Would you repeat each line below exactly, without the pictures?

SUPPLIED DATA START

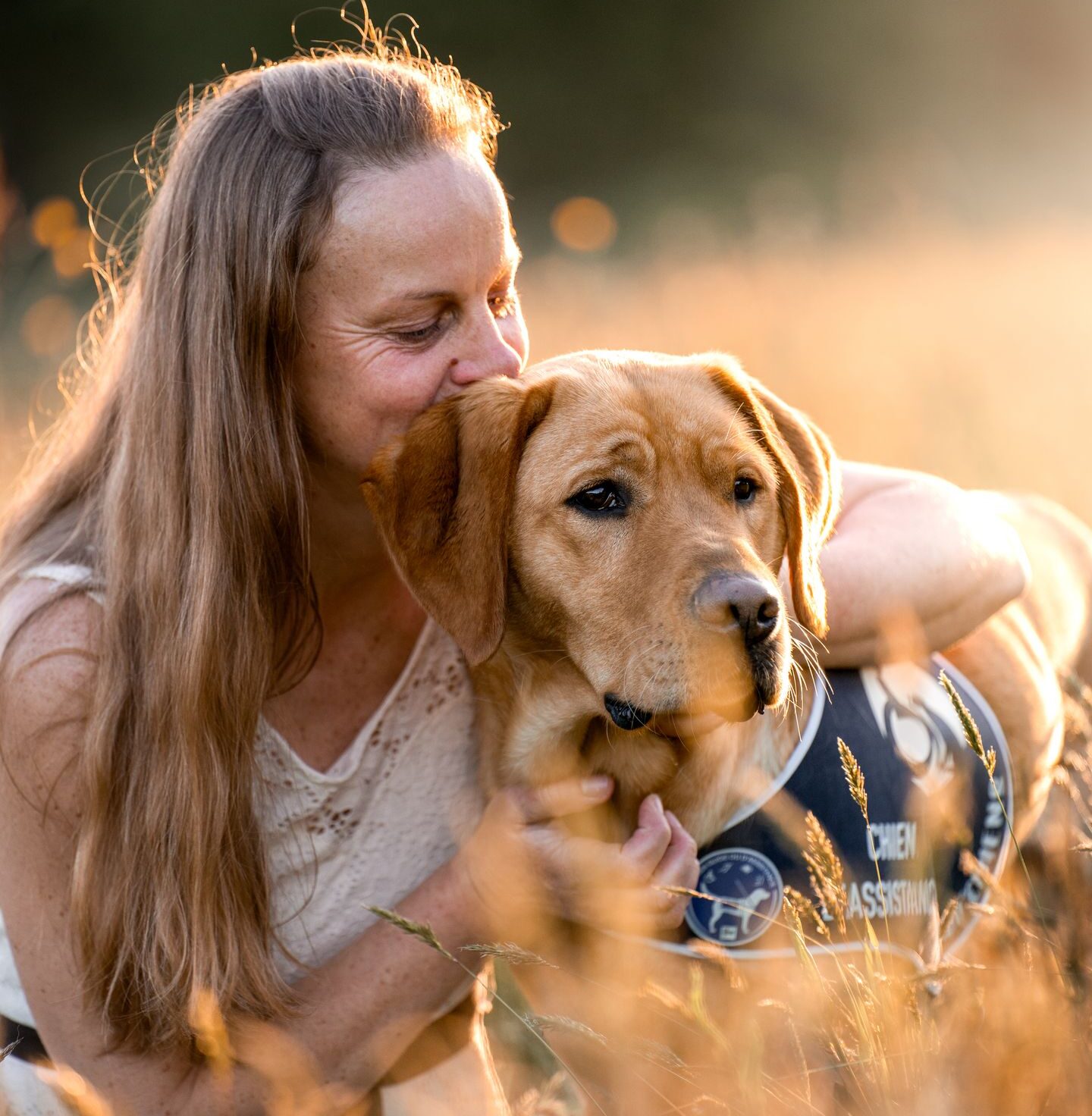 Ann-Nolwenn, éducatrice HANDI'CHIENS et Ushou, chien d'assistance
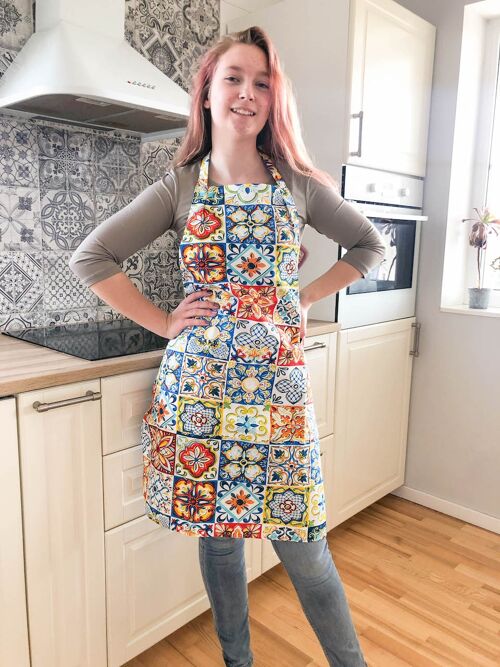 Mediterranean style apron for women. Tiles print cooking apron with pockets.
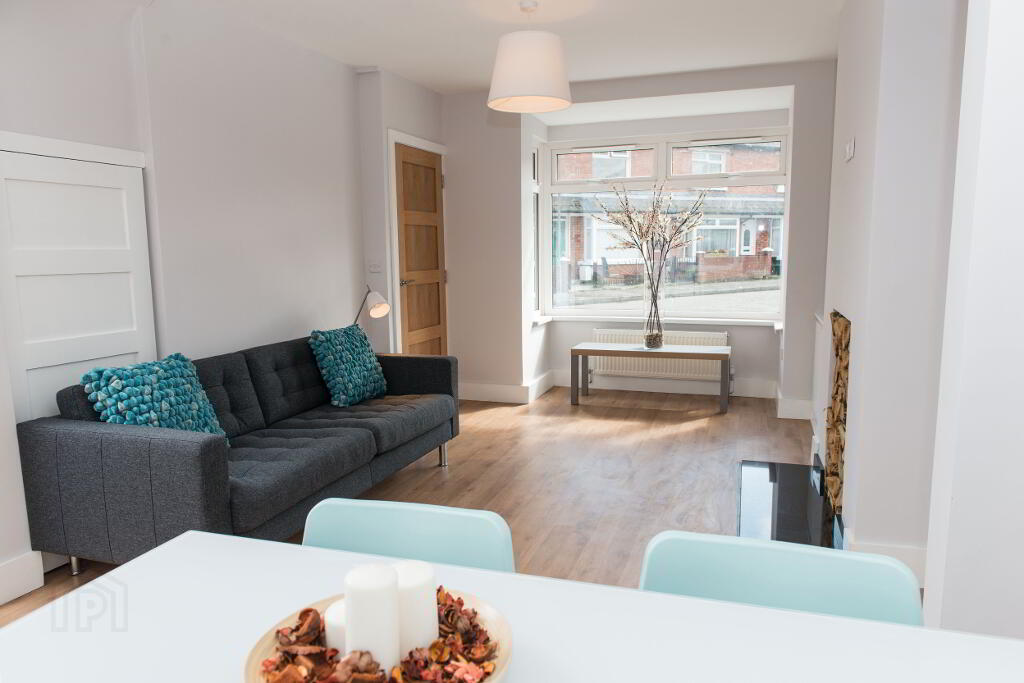 Photo 4 of 34 Avoniel Parade, Belfast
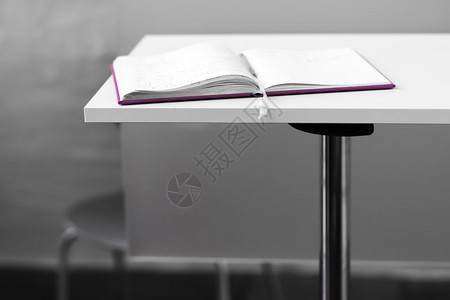 笔注意力表格背景的开放书hd在表格背景的开放书紫丁香图片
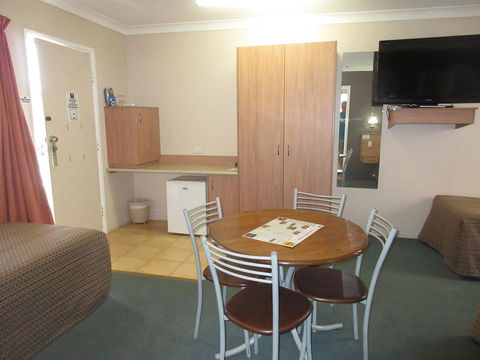Riviera On Ruthven - Perth Resorts 12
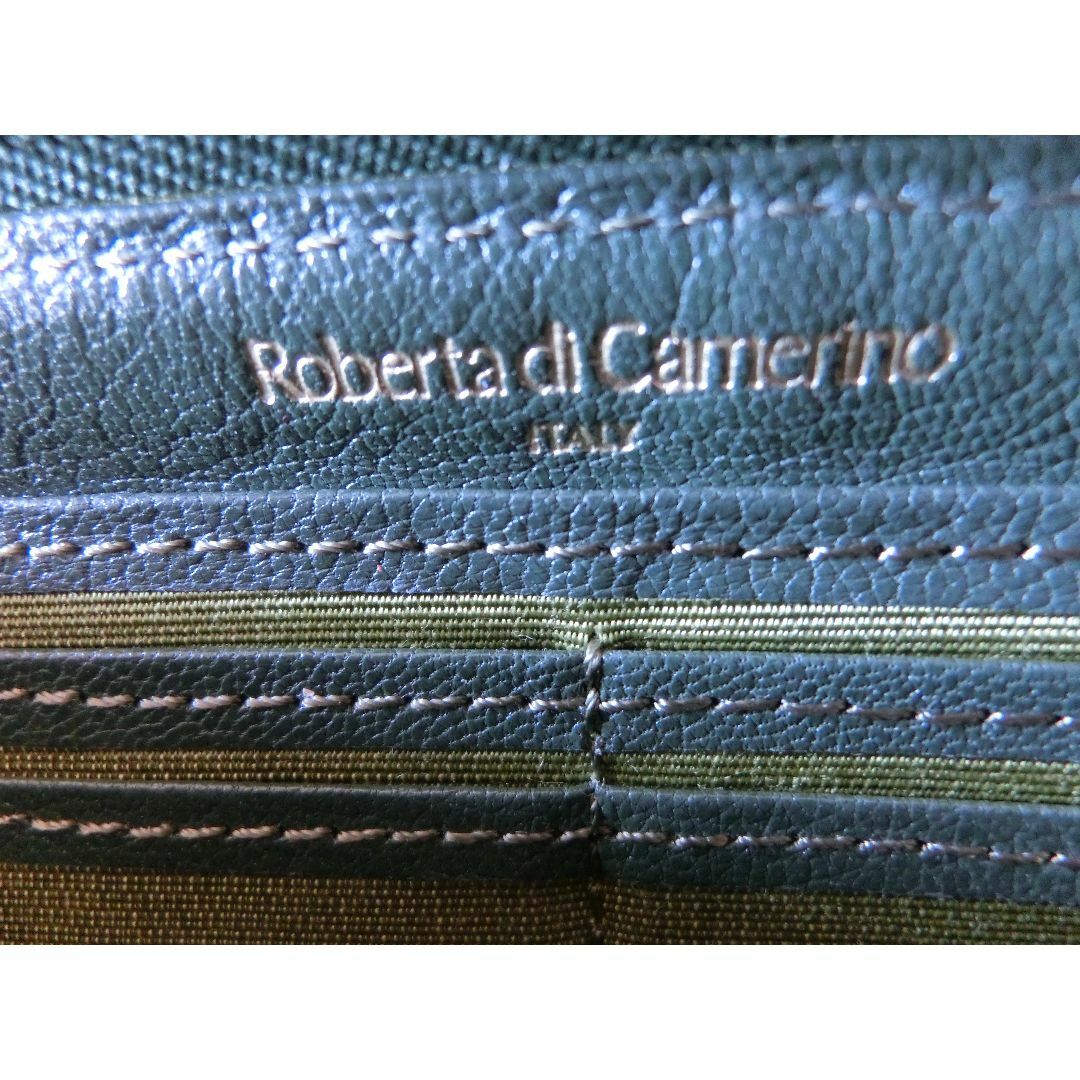 ROBERTA DI CAMERINO(ロベルタディカメリーノ)のロベルタ　の　グリーン色牛革　ラウンドファスナー長財布 レディースのファッション小物(財布)の商品写真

SUPPLIED DATA END

TASK SOLUTION:
 Ann-Nolwenn, éducatrice HANDI'CHIENS et Ushou, chien d'assistance
 Mediterranean style apron for women. Tiles print cooking apron with pockets.
 Photo 4 of 34 Avoniel Parade, Belfast
 笔注意力表格背景的开放书hd在表格背景的开放书紫丁香图片
Riviera On Ruthven - Perth Resorts 12
 ROBERTA DI CAMERINO(ロベルタディカメリーノ)のロベルタ　の　グリーン色牛革　ラウンドファスナー長財布 レディースのファッション小物(財布)の商品写真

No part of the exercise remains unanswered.